発達障害の人の多くが幼児の頃から12歳ぐらいに何らかの症状をきっかけに専門機関を受診し、医師によって診断されます。診断は問診と心理検査・知能検査などの様々な検査を総合的に判断して行われます。その他MRIを使い脳の器質的な疾病がないかを確認する場合もあります。
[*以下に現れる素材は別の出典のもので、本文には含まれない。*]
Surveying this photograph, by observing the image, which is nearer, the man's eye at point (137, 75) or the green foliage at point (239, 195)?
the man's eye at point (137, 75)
検査や診察は一度ではなく、何度か行われたうえで慎重に診断が下されることが多いです。

医療機関では、多くの場合は、精神医学的な診断基準に基づき、保護者や本人に問診に問診をしたり直接行動観察をしたりして、症状から判定します。アメリカ精神医学会の『DSM-5』(『精神疾患の診断・統計マニュアル』第5版)や世界保健機関(WHO)の『ICD-10』(『国際疾病分類』第10版)など、国際的な診断基準の定義を用いて診断が行われます。また、必ずしも1つの障害しか持っていないということではなく、複数の障害を併発している可能性もあります。

それぞれの障害の診断基準に沿って診断を下すことが基本ですが、基準の解釈には医師によってばらつきが生じることもあります。ばらつきの原因として、診察室で見ることのできる子どもの姿がその子どものすべてではないので、乳幼児期の診断はとても難しい場合があります。正確な診断のためには日常生活の様子などをくわしく医師に伝えることも大切です。

まとめ

発達障害の原因を探ることは、治療法の開発・研究のためにはとても大切であり、世界中の研究者が日々、研究を進めています。その成果は少しずつ明らかになってはいるものの、いまだにわからないことも多いのが現状です。また、発達障害が発症する道筋は一つではなく、複雑な要因が絡み合っていると考えられるため、すべての人に当てはまるたった一つの原因は今後もわからないのではないかという考え方が主流となっています。

そんななか、遺伝的要因が関係していると聞くと、不安を感じるかもしれません。また、遺伝するかどうかというのは本人や家族にとって大きな関心事でしょう。

しかし、現段階でわかっている範囲でも「親の育て方のせい」というのも医学的に否定されていますし、発達障害の発現は様々な要因が複雑に影響しあい、いわば偶然性が大きいため、その人に発達障害があるかどうかは予測できないといえるのです。また得手不得手や特性のようなものは人間だれしもが持っています。

少なくとも「遺伝のせいで発達障害が発現した」というのは正確ではありませんし、単純に親から子へと遺伝するのではないことがお分かりいただけたのではないでしょうか。

目の前の子どもにとって大切なことは、どうしたら本人の困りごとが減らせるか、特性を生かしていけるかという対応方法を考えてみることです。一人ひとりの子どもの発達障害の特性は様々なバリエーションがあります。本人の成功体験を積み重ねながら、今のよりよい環境を大切にすることが重要です。保護者や支援者が一人で悩み考えるのではなく、地域の相談機関や専門家と繋がりながら解決していきましょう。